Why Do I Always Love Someone Who Doesn’t Love Me Back?

An illustration of a woman holding out a heart toward a man who looks away and steps back, showing disinterest as small hearts fall from the woman's hands.

Why Do I Always Love Someone Who Doesn’t Love Me Back? – When Personal Stories Reveal Invisible Wounds

Have you ever looked back at your love life and wondered: “Why do I keep falling for people who never choose me?”
Or: “Why am I always drawn to people who are distant, unavailable, or even hurtful?”

Below is a story that many of my clients have lived through and chances are, you may find a part of yourself in it too.

When Lan Keeps Chasing People Who Never Stop for Her

Lan, 28, is a successful and independent woman. But in relationships, she repeats the same old loop:

  • She likes someone
  • They act distant
  • Lan tries harder
  • The harder she tries, the further they pull away

During a therapy session, she said: “I know they’re not right for me, but I can’t help being drawn to them. It feels like something inside me keeps pushing me to prove that I’m worthy of love.”

As she spoke, I realized something important: She wasn’t really chasing a man. She was chasing an invisible version of her past.

Why Are We Attracted to People Who Don’t Love Us Back?

1. Attachment Wounds From Childhood

People who grow up with inconsistent affection or emotional unavailable caregivers often:

  • Feel attracted to people who are “hard to get”

  • Mistake emotional distance as a sign they should try harder

  • Believe love must be earned, not naturally received

During therapy, Lan recognized that her father rarely showed affection.
The less attention she got, the more she tried.
Unconsciously, she kept repeating this dynamic in every relationship.

2. The Brain Gets Addicted to Emotional Highs and Lows

Loving someone who doesn’t love you back creates a cycle:
hope → disappointment → waiting → tiny reward → hope again

This cycle triggers dopamine, the same chemical linked to addiction.
You become “hooked” on the chase, especially when you get small moments of validation.

It’s like playing a game where you lose almost every time,
but one tiny win keeps you from quitting.

3. Core Beliefs About Your Own Worth

Many people carry painful beliefs such as:

  • “I’m not good enough.”

  • “I have to work for love.”

  • “If they reject me, something must be wrong with me.”

These beliefs push us toward relationships that will inevitably fail, so that the failure becomes “proof” reinforcing our deepest fears.

4. Emotionally Distant People Feel Mysterious and Alluring

For some, the inability to “figure someone out” feels magnetic.
Psychology calls this the distance effect:

The farther someone is → the more you think about them → the more value you assign to them.

How to Break the Cycle of Loving Someone Who Doesn’t Love You Back

1. Acknowledge the Reality: This Isn’t Love, It’s a Wound Being Replayed

Ask yourself:

  • Am I really in love, or am I craving their validation?

  • Is this feeling familiar from my childhood?

  • Why do I feel “nothing” toward people who treat me kindly?

Awareness is the first step to healing.

2. Re-examine Your Attachment Style

Avoidant types often attract anxious types.
If you’re always the one:

  • worrying,

  • overthinking,

  • clinging, then ask yourself:

“Am I seeking a secure partner, or am I unconsciously choosing someone who will abandon me?”

3. Learn to Tell the Difference Between “Attraction” and “Compatibility”

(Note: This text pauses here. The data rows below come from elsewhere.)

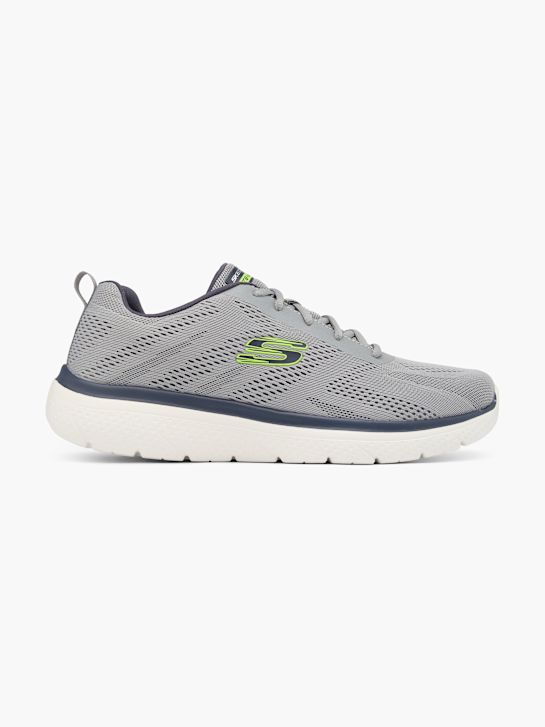 Skechers Sneaker szürke 53416 1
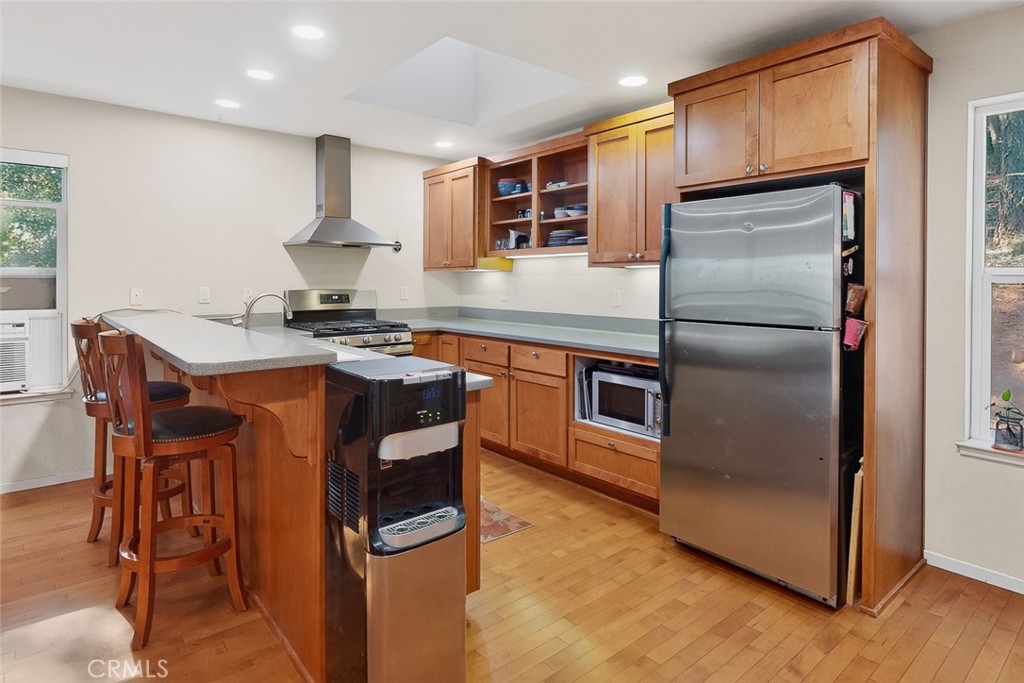 10647 Forbestown Road Property Photo 26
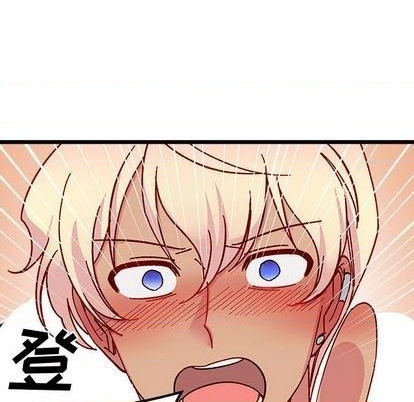 第94话79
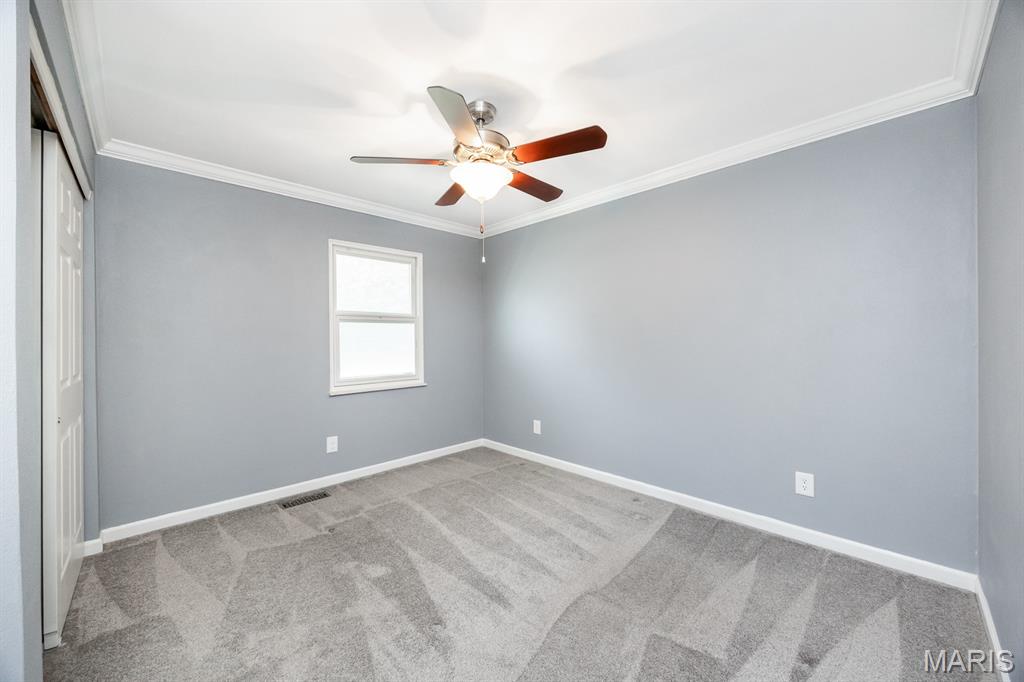 4 Corrington Place Property Photo 26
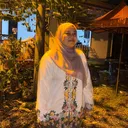 @namiera_07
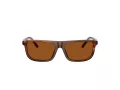 Dolce & Gabbana Kids DX 4009 348173 51 Children sunglasses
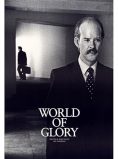 World of Glory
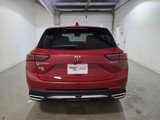 New 2025 Buick Envision Preferred image 5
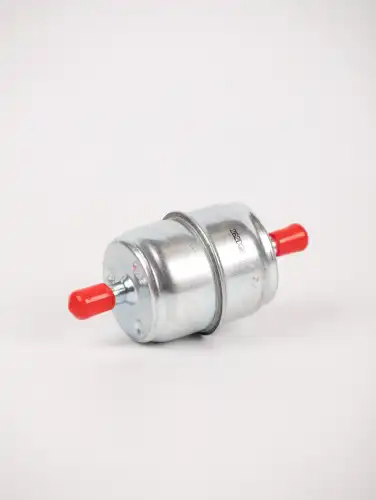 Топливный фильтр RF RF-1994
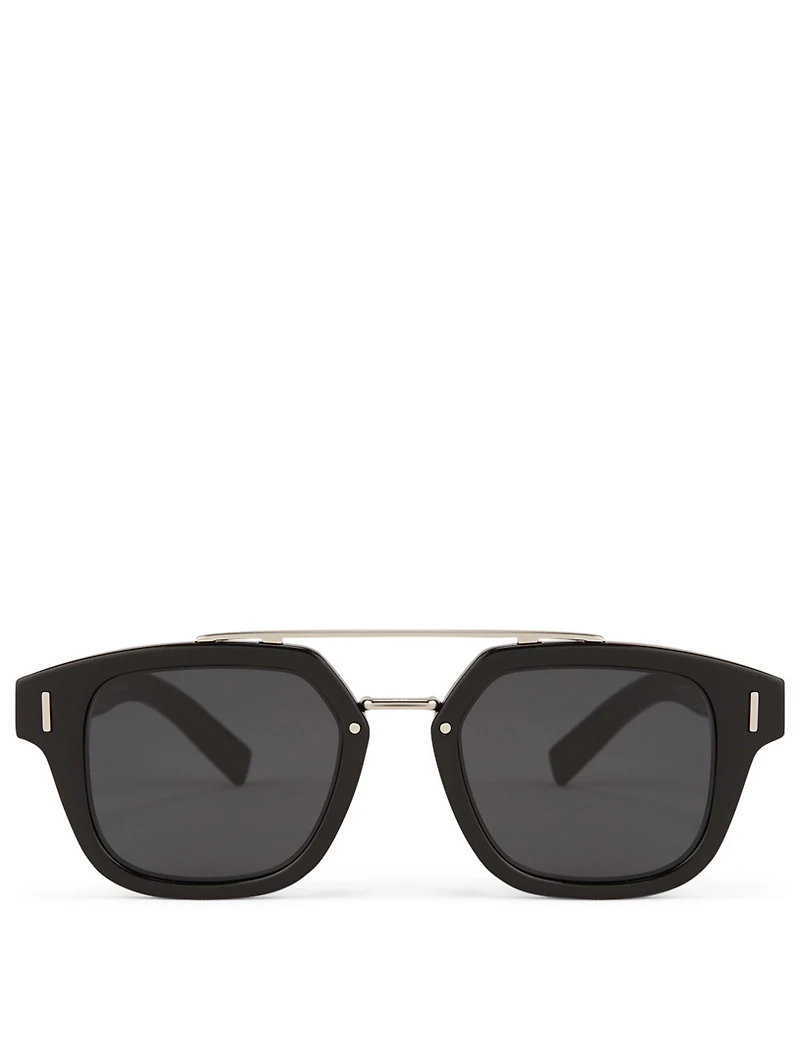 DiorFraction1F Sunglasses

Attraction often comes from intensity, mystery, and unpredictability.
Compatibility comes from:

  • safety

  • consistency

  • mutual respect

But because of old wounds, many people find “nice, stable” partners boring and chase the distant ones instead.

4. Rewrite Your Love Story

Ask yourself these three questions:

  1. “What does a healthy relationship look like for me?”

  2. “Do I want to love from fear or from peace?”

  3. “If someone treated my loved one the way this person treats me, would I accept it?”

5. Allow Yourself to Receive, Not Just Give

Lan had to learn how to receive: compliments, care, consistency.
At first, it felt “strange.”
But eventually, she realized:

Love doesn’t have to hurt to be real.

When You Understand Yourself, You Choose Differently

After three months of therapy, Lan said:
“I no longer feel the need to chase anyone. If someone doesn’t choose me, I’m grateful, they just saved me my time.”

She began building new standards:

  • Clear communication
  • Emotional stability
  • Someone who makes her feel seen and heard

Most importantly: She chose herself first.

Conclusion

Loving someone who doesn’t love you back isn’t your fault. It’s a story that was written long before you learned what love even meant.

But once you understand the root, you gain the power to rewrite the ending.

If you want to explore your patterns of love, attachment, and emotional wounds more deeply, therapy can be a safe and transformative path forward.